- **Material provided**:
========
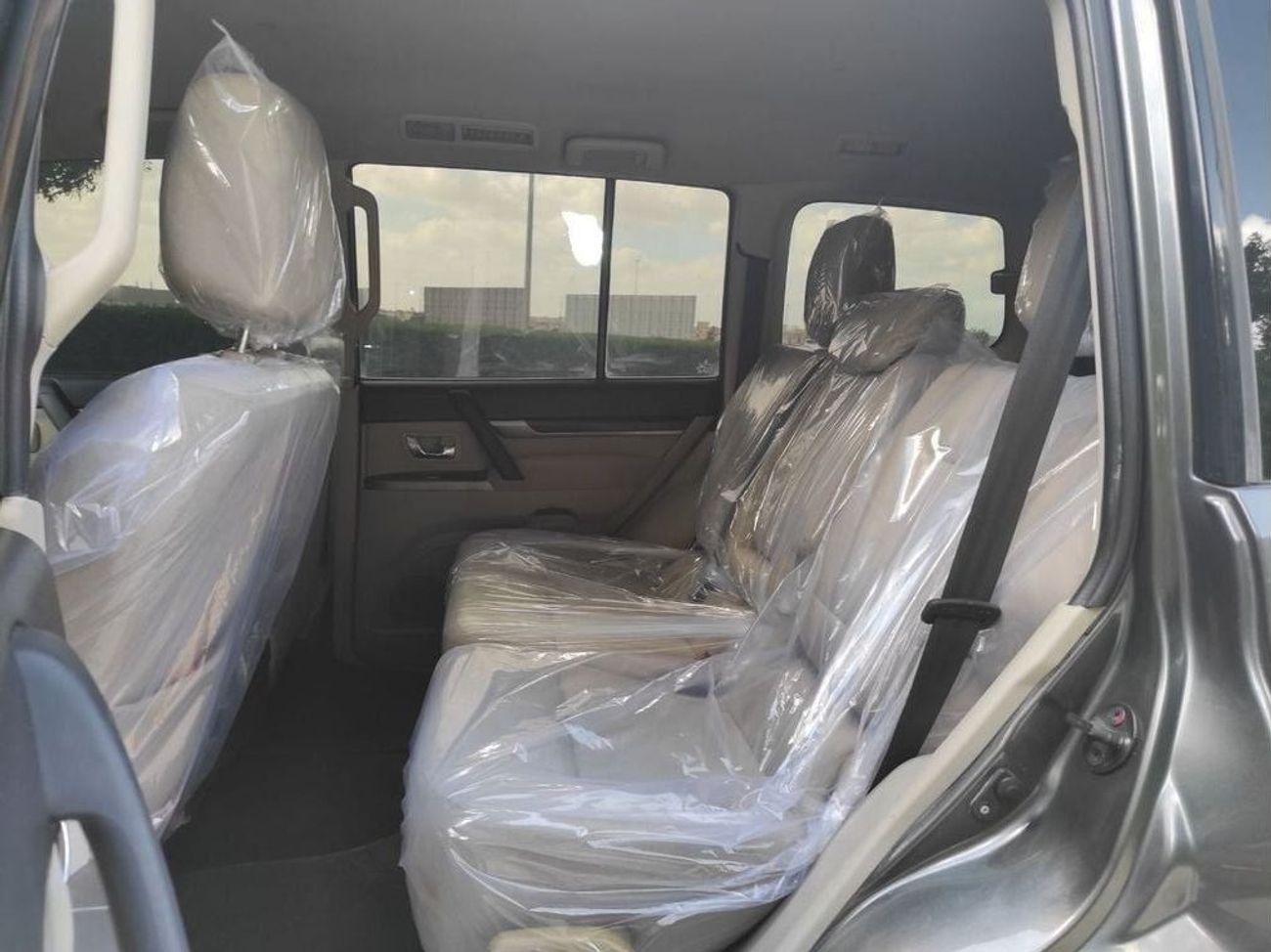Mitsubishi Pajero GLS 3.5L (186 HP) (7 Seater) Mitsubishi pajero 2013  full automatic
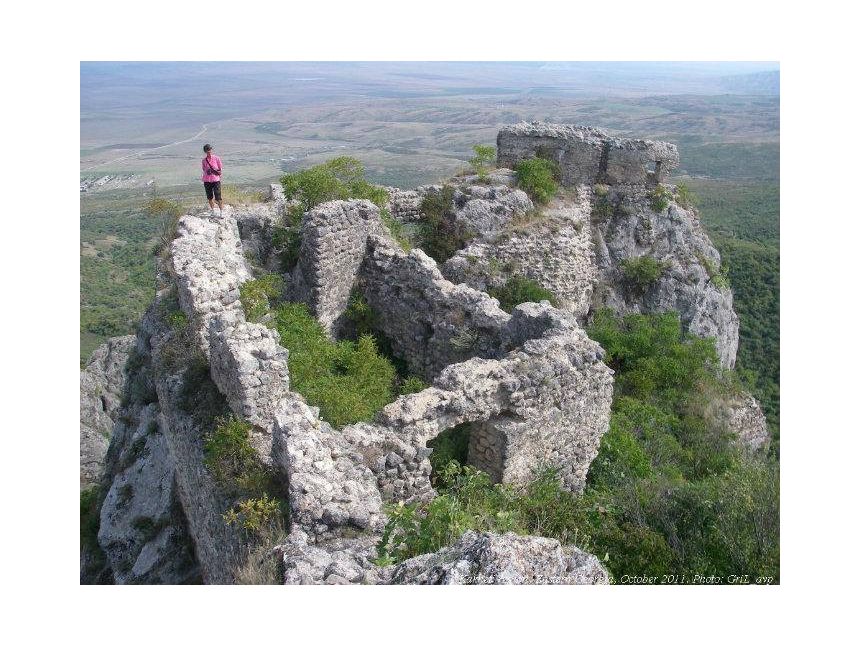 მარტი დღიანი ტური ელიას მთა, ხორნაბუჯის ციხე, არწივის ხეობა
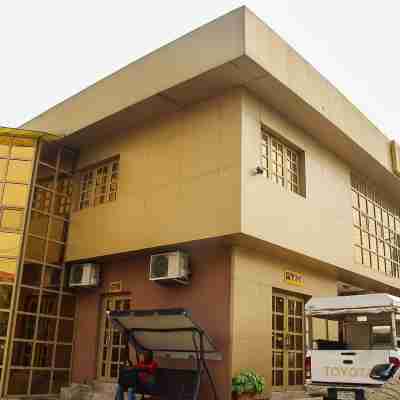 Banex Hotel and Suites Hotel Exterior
========
- **Problem**: From the first line to the last, write out the data exactly, omitting any pictures.

- **The answer**:
Mitsubishi Pajero GLS 3.5L (186 HP) (7 Seater) Mitsubishi pajero 2013  full automatic
 მარტი დღიანი ტური ელიას მთა, ხორნაბუჯის ციხე, არწივის ხეობა
 Banex Hotel and Suites Hotel Exterior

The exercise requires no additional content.